Several different sources say that this is the biggest and best-known traditional ceremony in the country. And it all has to do with water...
You see, every year the Zambezi River floods the farmlands, making the plains into a giant but shallow lake. Naturally, the people have to move to higher ground – and this even includes the Lozi king. The king, his family, and his entourage travel on a huge black-and-white-striped barge to the rainy-season palace.
The festival name, Kuomboka, is very literal, since it means “to move out of the water.”
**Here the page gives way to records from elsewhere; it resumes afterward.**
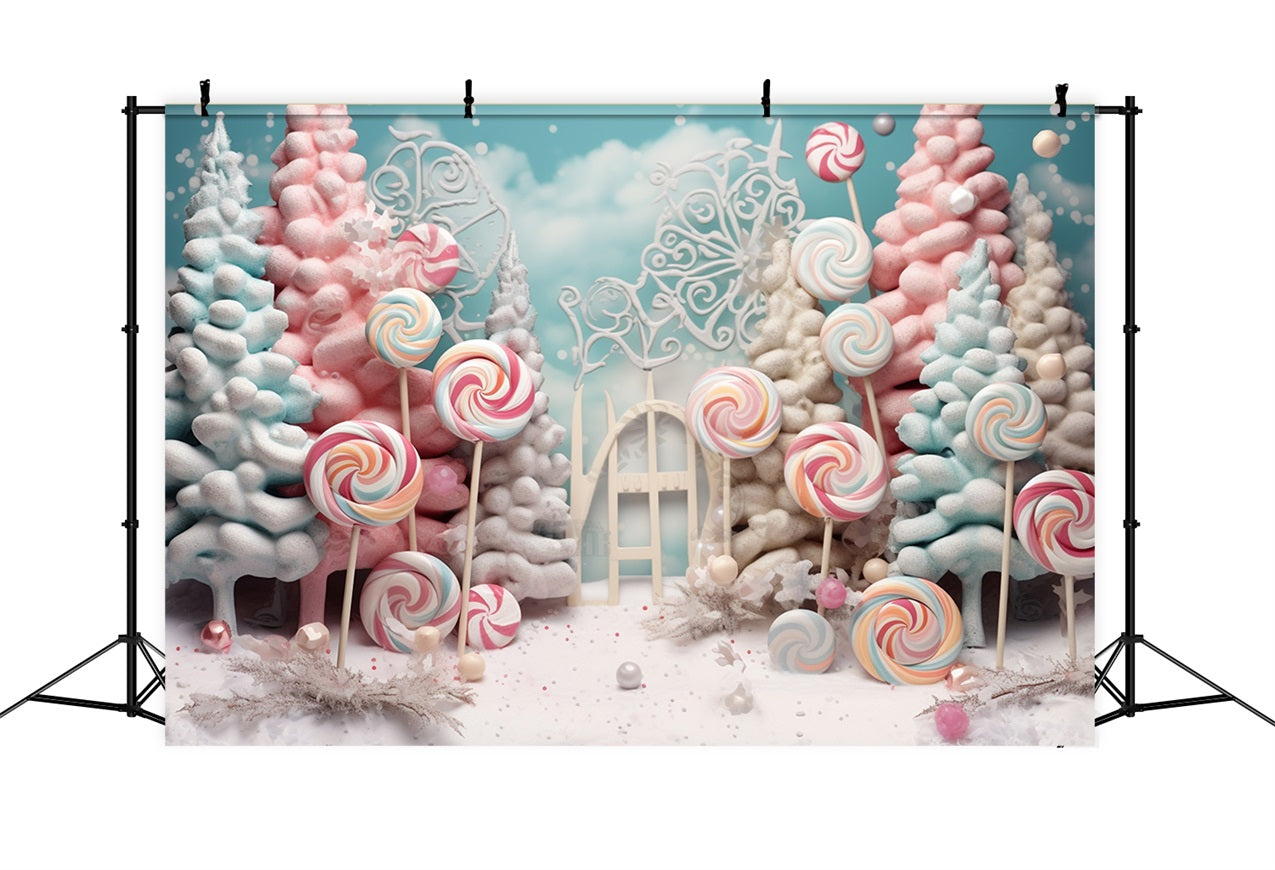 Toile de fond Pays des merveilles sucré arbres sucettes givrées BRP10-18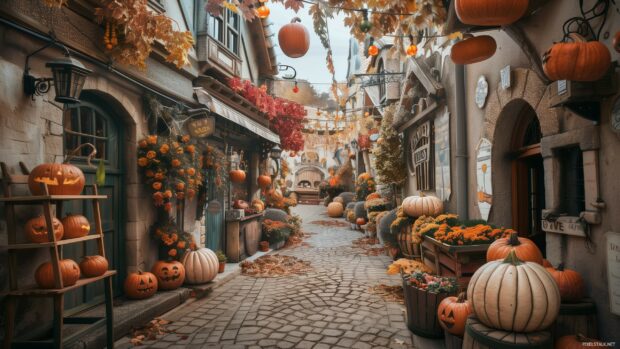 A quaint village street decorated for Halloween with vintage lanterns and pumpkins.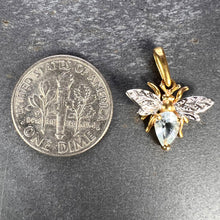 Load image into Gallery viewer, French Honey Bee Aquamarine 18K Yellow White Gold Charm Pendant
I found it interesting that the Lozi have a legend that is similar to the Jewish people's Noah's Ark story. The story is set a long time ago, during the first chief's reign; there came a huge flood that killed all the animals and swept away every farm. Some people were in their canoes but were frightened of paddling such small craft in such a big flood, so the high god Nyambe ordered a man named Nakambela to build a great canoe so that all the people could escape the flood.
By the way, I found it interesting that the Lozi king starts the ceremony dressed in traditional dress, but during the journey he changes into the full uniform of a British admiral. The first of these British uniforms was presented to the Lozi king by King Edward VII in 1902 in recognition of the treaties between the Lozi and Queen Victoria.